I did the onion julienne/wipe patina when I first got my Shig last fall. Hacked up about 10 quarts, and the patina set in perfectly. No discoloration/staining after the fact. Nice blue patina. Asked Jon to do a natural stone, Kasumi finish over the winter, and the patina set in even faster with the same technique, and brighter blues.


----------



## matt79

I clean the patina of my knives every night after service.When I do my prep i will leave highly reactive stuff like onions/shallots for last.By the time I get there I have a nice patina already and avoid brown onions etc. .,works with all the knives I have used so far even highly reactive ones such as shigs. I also have a couple of stainless I can use just in case.


----------



## Von blewitt

This is my Shig, my main knife for the last month, I haven't forced any patina or taken any deliberate steps to minimise patina, and I don't baby it, just wipe regularly, no brown no reactivity, the heiji Swedish carbon Gyuto i had was pretty reactive though and it took a brown patina.




[/URL][/IMG]


----------



## Sambal

Von blewitt said:


> This is my Shig, my main knife for the last month, I haven't forced any patina or taken any deliberate steps to minimise patina, and I don't baby it, just wipe regularly, no brown no reactivity, the heiji Swedish carbon Gyuto i had was pretty reactive though and it took a brown patina.
> 
> 
> 
> [/URL][/IMG]






Von B. have you noticed any difference in reactivity between the kasumi and kitaeji Shigs?

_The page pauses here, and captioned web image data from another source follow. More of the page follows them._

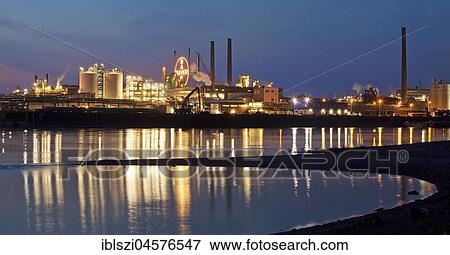 Stock Photo - Bayer AG, Chemiewerk on the Rhine, blue hour, Leverkusen, North Rhine-Westphalia, Germany, Europe. Fotosearch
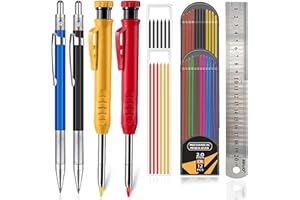 Chennyfun Set de Crayons de Charpentier, 2 Crayons Mécaniques (2.0mm) +2 Crayons Marqueurs de Trous Profonds(2.8mm) avec Taille-crayon Intégré, pour Travail de Bois, Construction D'architectes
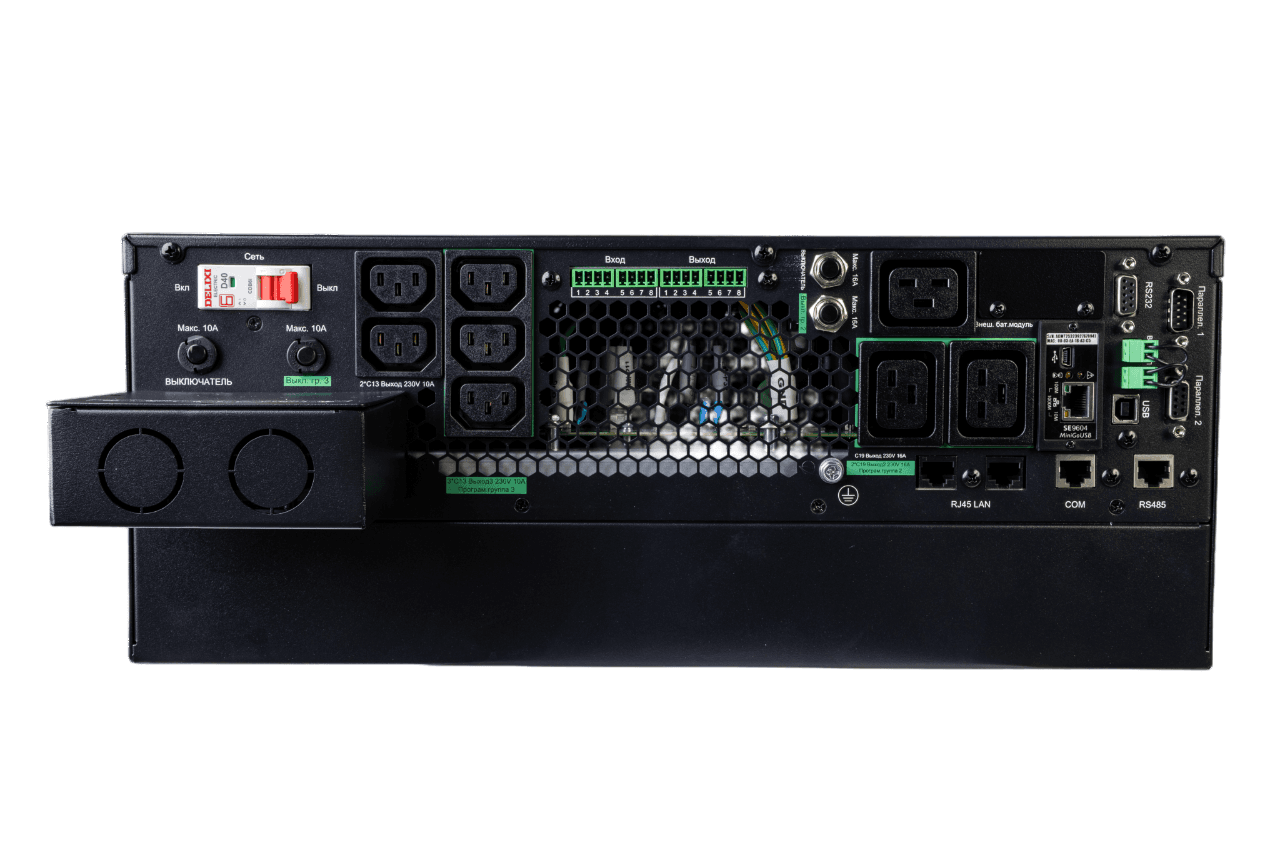 Systeme Electric ИБП SRTSE 2 поколения 8000 ВА/Вт, 4U,5 C13+3 C19,USB,RS-232,RS485,COM,сухие контакт,прлл,SNMP — миниатюра 10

My kasumi Shig gyuto was reactive for a while but after a large batch of onions, not just cutting but rubbing the waste ends on the blade as well, it just lost its reactivity altogether. Worked well for me!


----------



## matt79

I havent got a brown patina with my shig or my heiji to be honest .The way your shig looks is pretty much the way all my carbons look after service.Then I clean them with baking soda.Love the cleaning my knives ritual at the end of service means I have survived another day, dont have to deal with any work related crap for the next 12hours and its time for cold beer


----------



## ChipB

Von blewitt said:


> This is my Shig, my main knife for the last month, I haven't forced any patina or taken any deliberate steps to minimise patina, and I don't baby it, just wipe regularly, no brown no reactivity, the heiji Swedish carbon Gyuto i had was pretty reactive though and it took a brown patina.
> 
> 
> 
> [/URL][/IMG]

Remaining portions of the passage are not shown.